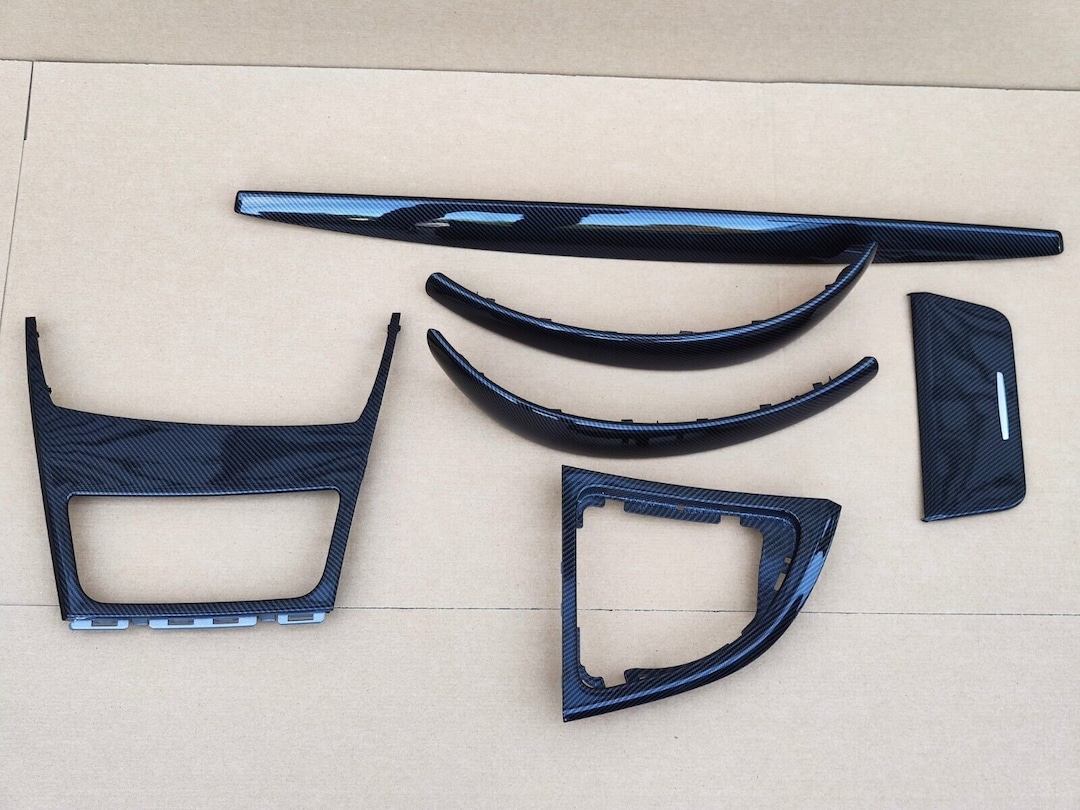 Qiilu Central Control Panel Trim 2pcs Carbon Fiber Style Central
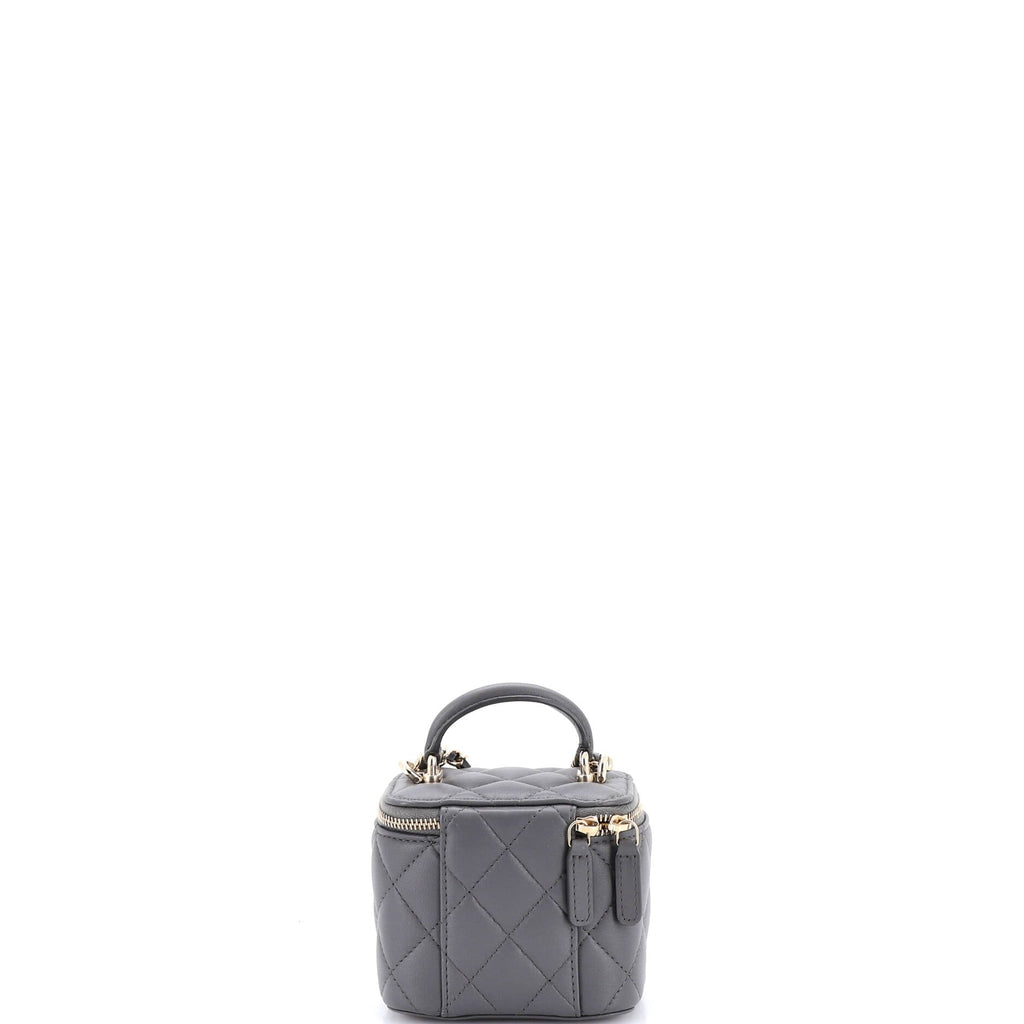 Classic Top Handle Vanity Case with Chain Quilted Lambskin Mini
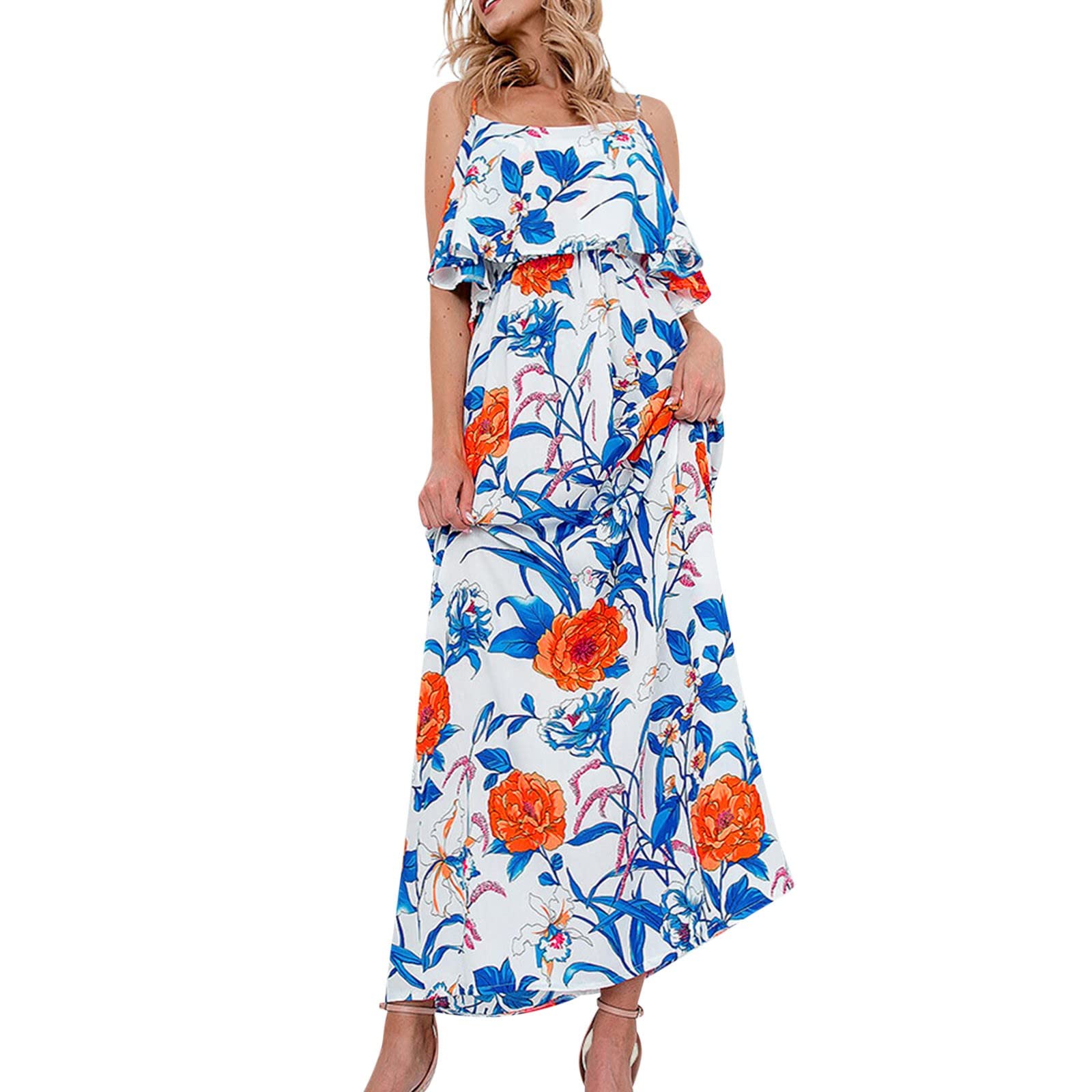Women's Summer Maxi Dress 2022 - Cute Casual Long Dress with Pockets for Beach, Party & Everyday Wear | Flowy Split Hem Sundress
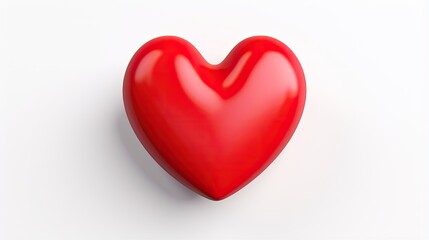 Obraz premium A simple 3D rendering of a red heart on a white background.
◆ ◆ ◆
** Work instruction **
Across the whole listing, reproduce each line verbatim and exclude every picture.

** Solution below **
 Qiilu Central Control Panel Trim 2pcs Carbon Fiber Style Central
 Classic Top Handle Vanity Case with Chain Quilted Lambskin Mini
Women's Summer Maxi Dress 2022 - Cute Casual Long Dress with Pockets for Beach, Party & Everyday Wear | Flowy Split Hem Sundress
 Obraz premium A simple 3D rendering of a red heart on a white background.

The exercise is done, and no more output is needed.